DelCostello v. International Brotherhood of Teamsters

RESPONDENT: International Brotherhood of Teamsters
LOCATION: Residence of Senator Ernie Chambers

DOCKET NO.: 81-2386
DECIDED BY: Burger Court (1981-1986)
LOWER COURT: United States Court of Appeals for the Fourth Circuit

CITATION: 462 US 151 (1983)
ARGUED: Apr 25, 1983
DECIDED: Jun 08, 1983

Bernard S. Goldfarb - on behalf of the Respondents in No. 81-2386
Isaac N. Groner - on behalf of the Respondents in No. 81-2408 (appointed by this court)
Robert M. Weinberg - on behalf of the Petitioners in No. 81-2408
William H. Zinman - on behalf of the Petitioner in No. 81-2386

Facts of the case


Media for DelCostello v. International Brotherhood of Teamsters

Audio Transcription for Oral Argument - April 25, 1983 in DelCostello v. International Brotherhood of Teamsters

Warren E. Burger:

We'll hear arguments next in Costello against the International Teamsters and the consolidated case.

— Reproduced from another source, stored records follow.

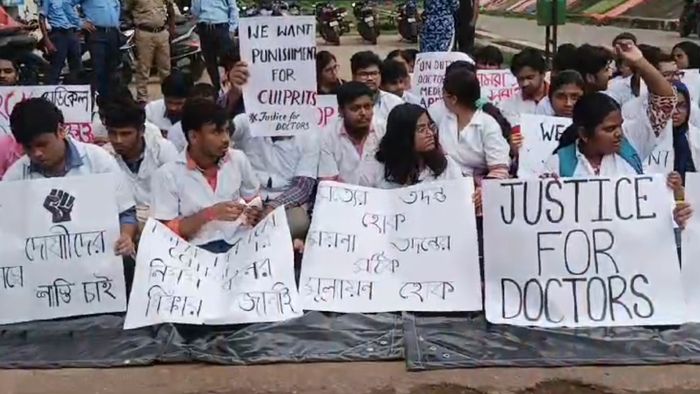 আরজি কর হাসপাতালে বিক্ষোভ অব্যহত। ফাইল ছবি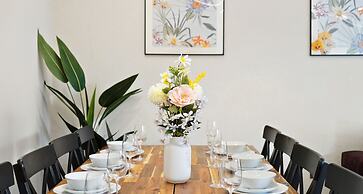 Cove Road Houses by Redwood Stays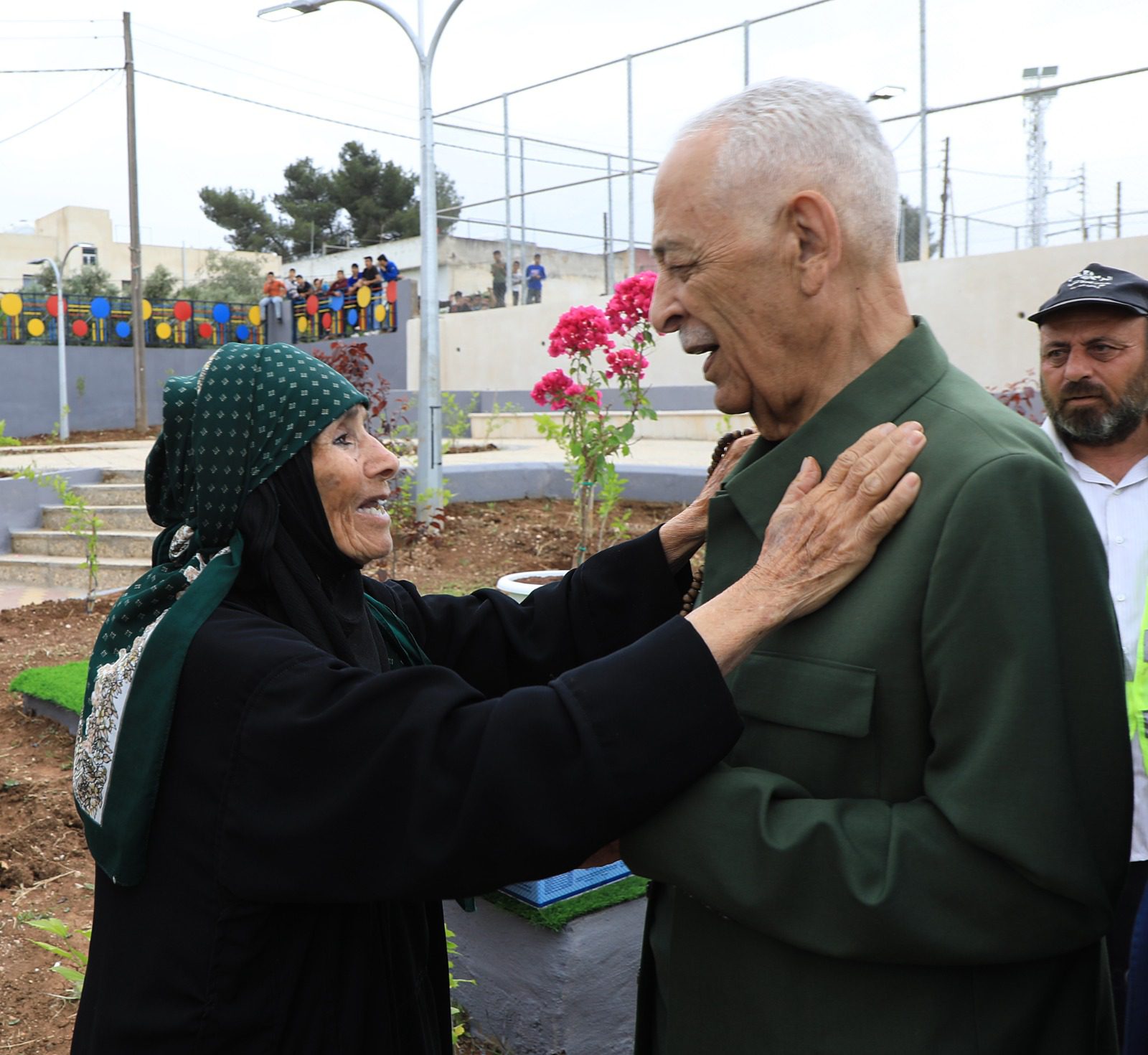 صورة حول : رئيس الديوان الملكي يفتتح مشاريع مبادرات ملكية في محافظة إربد رئيس الديوان الملكي يفتتح مشاريع مبادرات ملكية في محافظة إربد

Mr. Zinman, I think you may proceed when you are ready.

William H. Zinman:

Mr. Chief Justice, and may it please the Court.

The issue in this case is should this Court apply the Maryland arbitral statute of 30 days or the six-month statute of limitations contained in 10(b) of the National Labor Relations Act or a longer statute of limitations to this hybrid action.

If, on the other hand, this Court applies the Maryland arbitral statute to this hybrid action, the next issue would be whether or not it should be applied prospectively or retrospectively in this case.

The facts in this case are as follows: Philip Del Costello, the Petitioner in this case, was employed by Anchor Motor Freight, the Respondent, as an over-the-road truck driver at the time of his termination on June 27, 1977.

At that time he was also a dissident member of PROD, a national Teamsters organization and was engaged in a campaign of truck safety several months proceeding his termination.

On that date he was assigned to drive a truck from Baltimore to Canada and during the course of his inspections he found a number of safety defects with respect to the truck.

When the company insisted that he drive the truck he refused, and he was terminated on the spot.

Consistent with the company union contract, he initiated a grievance at that time which was not resolved amicably.

As a result, the grievance took the form of a hearing before a committee consisting of an equal number of employer and union representatives.

I believe this was in July of 1977.

At that time he was represented by his business agent who is his exclusive representative.

He did not have the right to an attorney.

The business agent conducted no investigation into the facts which preceded the termination, nor did the business agent introduce any evidence and particularly it failed to introduce the mechanic who supported Mr. Del Costello's position that the truck was unsafe.

The only evidence that was introduced was through a company supervisor at that time who Mr. Del Costello claimed was not even there.

This was contrary to the conference rules and if that evidence was excluded, of course, the company would not have met its burden of proof.

Mr. Del Costello related to his business agent that this man was not even there.

The business agent failed to object.

As a result of this hearing, the committee upheld the discharge.

Subsequent to that the business agent engaged in a course of conduct which reasonably led Mr. Del Costello to believe that he had yet to exhaust his contract remedies and that the decision was not final until December of 1977.

Several months thereafter, I believe it was in March of 1978, Mr. Del Costello initiated suit in the federal district court for the district of Maryland.

Several months thereafter both Respondents answered the suit.

However, Local 557 never even raised the issue of limitations in its answer.

While Anchor Motor Freight did raise the question of limitations it did not specify which limitation period it had mind.

This was understandable at that time because the Maryland arbitral statute by its own terms is expressly inapplicable to labor disputes.

In any event, for the next 32 months during which time the parties engaged in rather extensive discovery, not one time did Anchor Motor Freight or Local 557 ever raise the question of limitations until they filed their motion for summary judgment in November of 1980, one month after this Court granted certiorari in Mitchell.

We contend that if this Court applies the arbitral limitation statute of 30 days for all intents and purposes the hybrid cause of action is destroyed.

I say that because most of these arbitration statutes were initially passed by the state legislatures to apply to commercial disputes and in commercial disputes from the arbitrator to the courts the parties are usually represented by the same counsel.

And it is a matter of smoothly shifting gears from the arbitrator to the court in terms of the filing of appeal which in that instance only takes hours to possibly one day.